---- Data under study

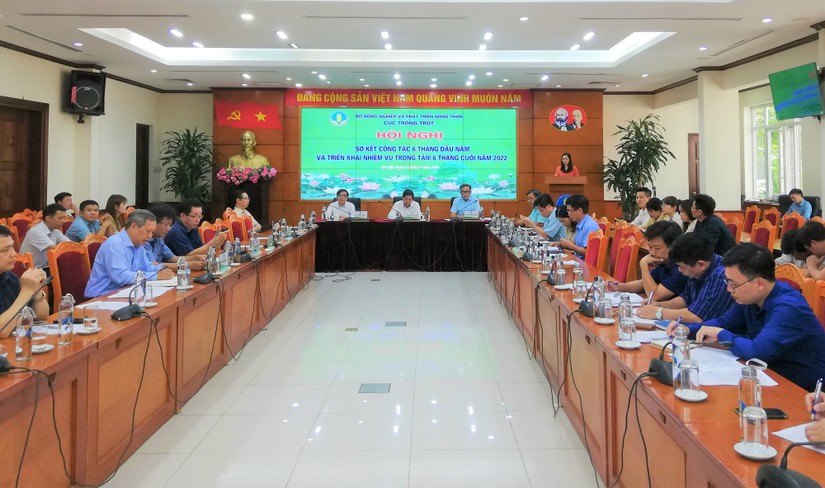 N&acirc;ng cao chất lượng để tăng t&iacute;nh cạnh tranh cho ng&agrave;nh trồng trọt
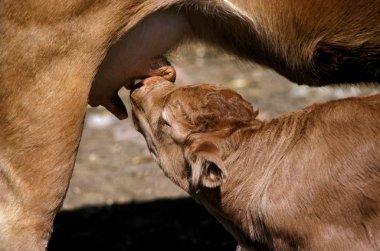 Limousin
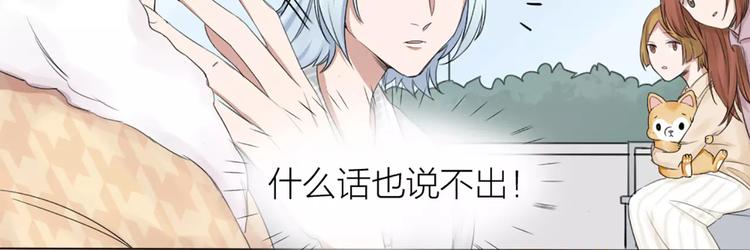 第23话 猫男的求爱方式(1/2)-第24话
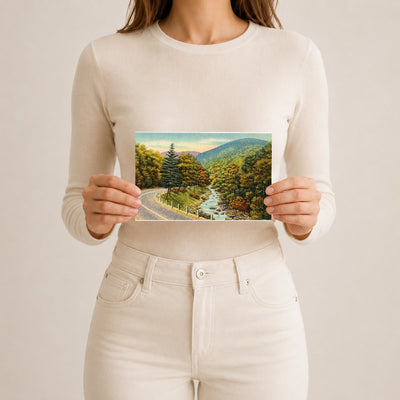 Road paralleling stream — Vintage Maryland Postcard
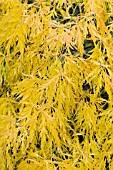 ACER PALMATUM VAR DISSECTUM  VIRIDE, CUT-LEAFED MAPLE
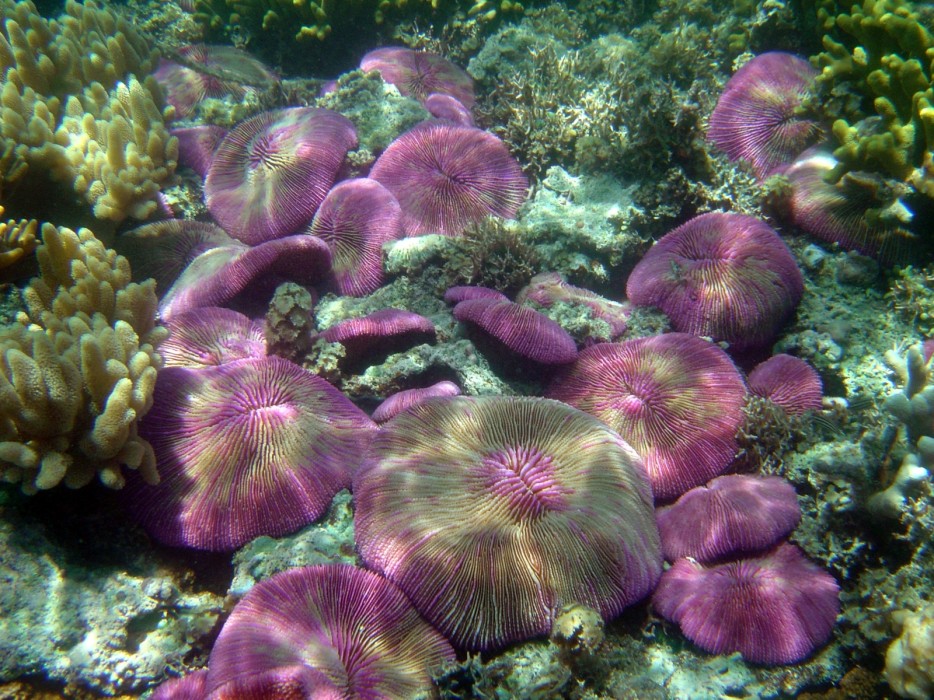 Fungia or Disc Coral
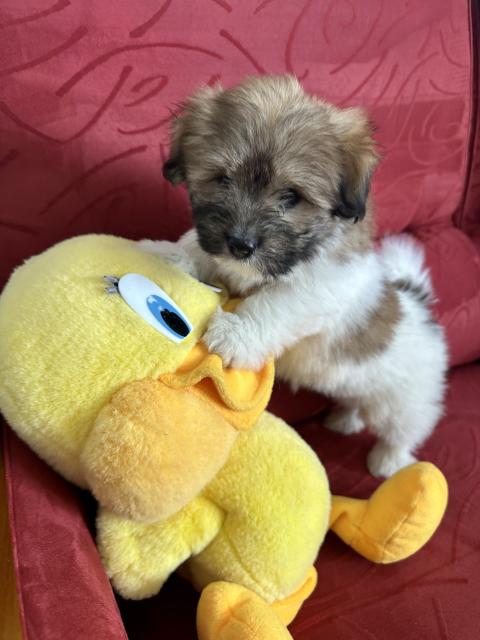 Photo de chiot de race Coton De Tulear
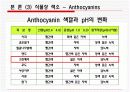 생화학) 식품의 색 20페이지
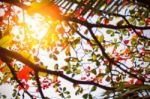 Daylight On Branch With A Blurred Image Stock Photo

--------

-- Work instruction --
Every line of the listing above is to be set down verbatim, without the pictures.

-- Task output --
 N&acirc;ng cao chất lượng để tăng t&iacute;nh cạnh tranh cho ng&agrave;nh trồng trọt
 Limousin
 第23话 猫男的求爱方式(1/2)-第24话
 Road paralleling stream — Vintage Maryland Postcard
 ACER PALMATUM VAR DISSECTUM  VIRIDE, CUT-LEAFED MAPLE
 Fungia or Disc Coral
 Photo de chiot de race Coton De Tulear
 생화학) 식품의 색 20페이지
 Daylight On Branch With A Blurred Image Stock Photo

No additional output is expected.